The couple divorced in 1996 after revelations of extra-marital affairs.

Friday's ceremony will aim to bring events full circle more happily.

"William and Catherine, as they will be known, are saying 'we are the future of the British monarchy and we are going to be a success,'" royal expert Robert Jobson told AFP.

The couple have personally overseen "every detail" of their "exquisitely beautiful" wedding day, said St James's Palace, William's official residence.

The service will be attended by some 40 monarchs, although the Crown Prince of Bahrain cancelled because he said he did not want unrest in the Gulf kingdom to detract from William and Kate's happiness.

Kate will drive from her hotel to Westminster Abbey in the Rolls Royce that was damaged when protesters demonstrating against government cuts targeted Charles and his second wife Camilla in December.

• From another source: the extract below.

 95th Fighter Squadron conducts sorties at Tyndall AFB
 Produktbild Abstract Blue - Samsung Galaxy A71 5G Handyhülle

William will have a nerve-wracking 45-minute wait there until the wedding starts at 1000 GMT.

Afterwards the newlyweds will lead a procession to Buckingham Palace, travelling in a horse-drawn carriage past landmarks such as the Houses of Parliament and the Mall, accompanied by soldiers on horseback.

Forecasters have predicted rain, and if the heavens open the couple will travel in the glass coach that Diana used on the way to her own wedding.

Some 650 guests have been invited to the reception at the palace, while the hottest ticket in town will be a dinner-dance hosted by Prince Charles for a lucky 300 or so people.

Thousands of street parties are planned, including in Middleton's home village of Bucklebury in southeast England, while the British government has declared a public holiday and pubs are allowed to stay open late.

In a sign of the couple's status as the first royals of the Facebook generation, the wedding will also be streamed live on YouTube while royal officials will post blog and Twitter updates.

Police said they have no intelligence of specific security threats but said they would not tolerate a planned protest by a hardline Muslim group opposed to Britain's involvement in Afghanistan and Iraq.

As part of the security measures, key details about William and Kate's big day remain shrouded in mystery.

The wedding dress has prompted acres of media speculation, while there is no news on what titles the couple will take - or whether the newlyweds will emulate Charles and Diana and kiss on the balcony of Buckingham Palace.